Parte de la inesperada nobleza de La muestra, sin embargo, podría radicar en el modo, no de lo más elegante, en el que la naturaleza del material empleado se hace visible (alguna insólita vuelta del guión, más de una ostensible sobreactuación, la a menudo descabellada disposición de los planos) para dar por resultado una verdadera anomalía cinematográfica en la que termina sugiriéndose que el arte puede conducir al aislamiento y a la soledad. “Estoy en mi mundo”, dice en una escena el escultor para sacarse de encima los cuestionamientos de su mujer acerca de su comportamiento progresivamente errático. La frase de Pujia puede sonar autoindulgente pero no deja de señalar la conciencia del lugar que, para bien o mal, le es asignado al artista. Al fin y al cabo, las dificultades que encuentra para llevar adelante su ansiada muestra dejan en evidencia el desamparo en el que se encuentra respecto de su supuesto entorno. Alejado de los manejos y las transas del medio al que debería pertenecer, la película describe menos las andanzas de un campeón de la ética que las de un hombre que un día se da cuenta de que su vida transcurre casi en el destierro, de que opera en un mundo propio, sin relación ya con un exterior que se le vuelve ajeno e inesperadamente hostil. En un plano desolador se ve a Pujia que se deja caer abatido sobre una silla con las manos en la cara y prorrumpe en solitarios sollozos.
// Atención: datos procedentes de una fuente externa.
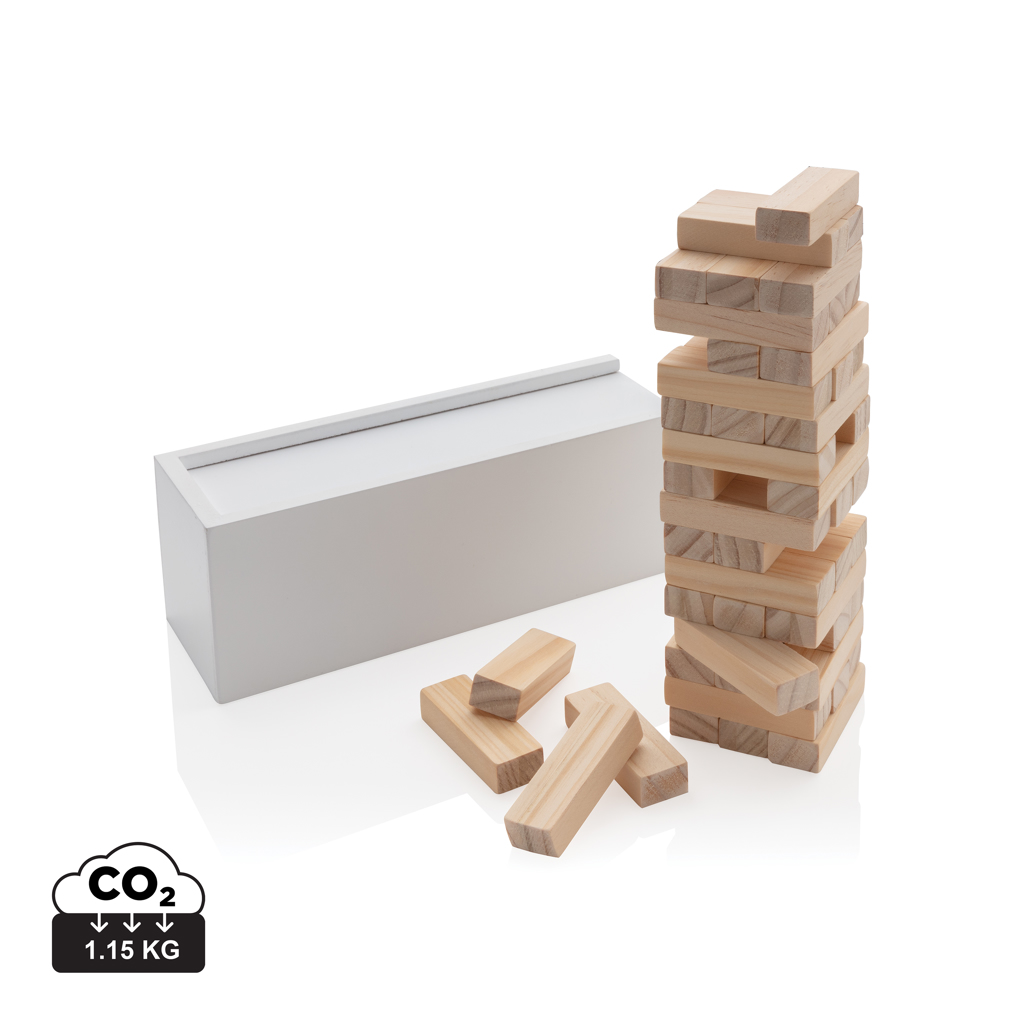Wooden Tumbling Tower Game - Golspie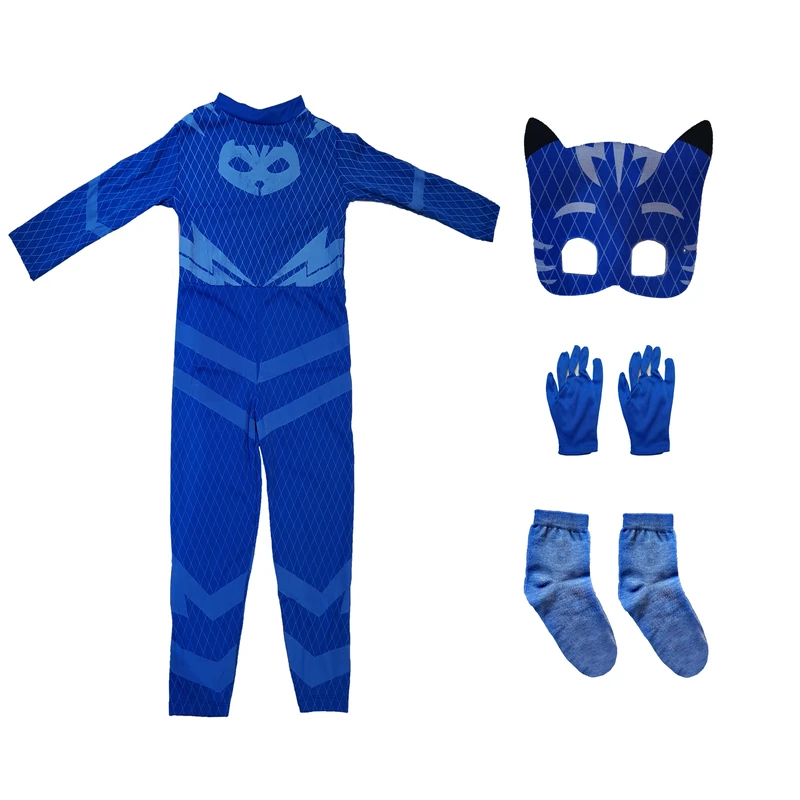 ست ایفای نقش طرح گروه شب نقاب کد pjmasks.b.56 مجموعه چهار عددی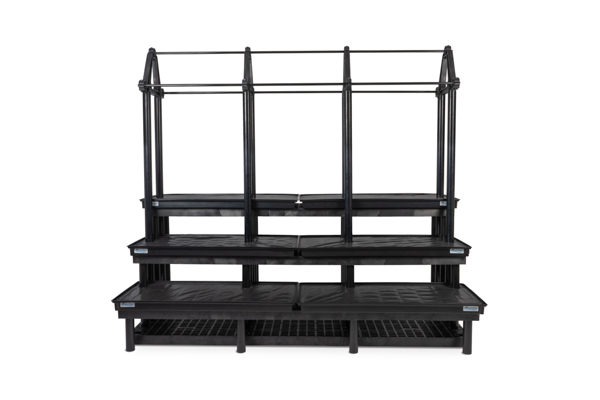 96-inch Three Step Single Sided Plant Hanger Waterbed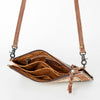 ADBG778 American Darling Hand Tooled Western Leather Crossbody - Floral Carved Full Grain Clutch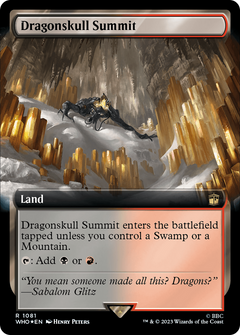 Dragonskull Summit (Extended Art) (Surge Foil) (1081) [Doctor Who] foil - Deck Out Gaming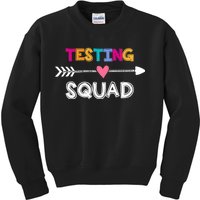 Testing Squad  Kids Sweatshirt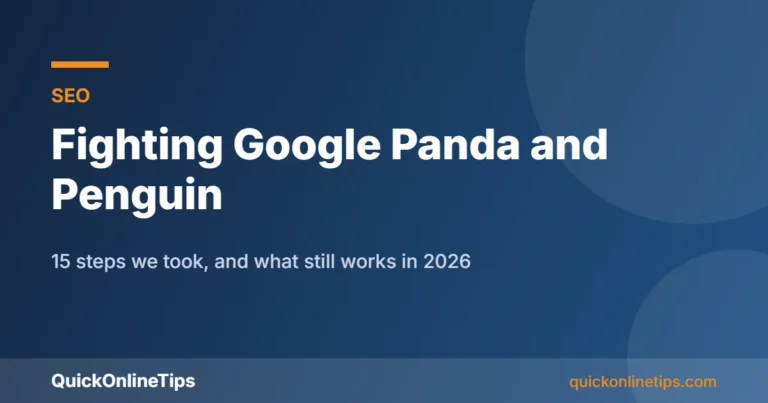 Fighting Google Panda and Penguin updates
Solo queda el arte, entonces, que es la mayoría de las veces incomprensible e inútil. La desmelenada confección de La muestra parece establecer su insobornable evanescencia así como la improcedencia esencial de toda tentación hermenéutica.
Orgullosamente plantada en su absurdo, conmovedor primitivismo, la película no ceja entonces en el empeño de invocar el carácter fantasmal e insuficiente de cualquier objeto artístico. Para el escultor Pujia el arte parece obrar como una especie de exorcismo a través del cual se conmina a los signos del pasado para que encuentren una urgente y desesperada actualización. La breve charla que mantiene con su mujer sobre la concepción de su obra Adagio (que la tiene como retratada y máxima inspiración) parece arrancar un fragmento del pasado que se agita primero como un espectro, para enseguida remitirse diligentemente a lo que de él queda en el presente: una contundente aunque melancólica materialidad expresada en la obra, el consuelo pálido de la escultura que viene a ofrecerse como exigua sustitución de lo perdido. En ese hermoso instante se advierte que La muestra (en su doble acepción que alude a la película y a la exhibición que se prepara de las obras del protagonista) podría no ser sino el esfuerzo estremecedor del artista de hurgar en un pasado que insiste en mostrarse estático, inconsolablemente lejano, para intentar recoger sus pedazos y ver si acaso se puede recuperar algo del calor de una experiencia ya casi olvidada.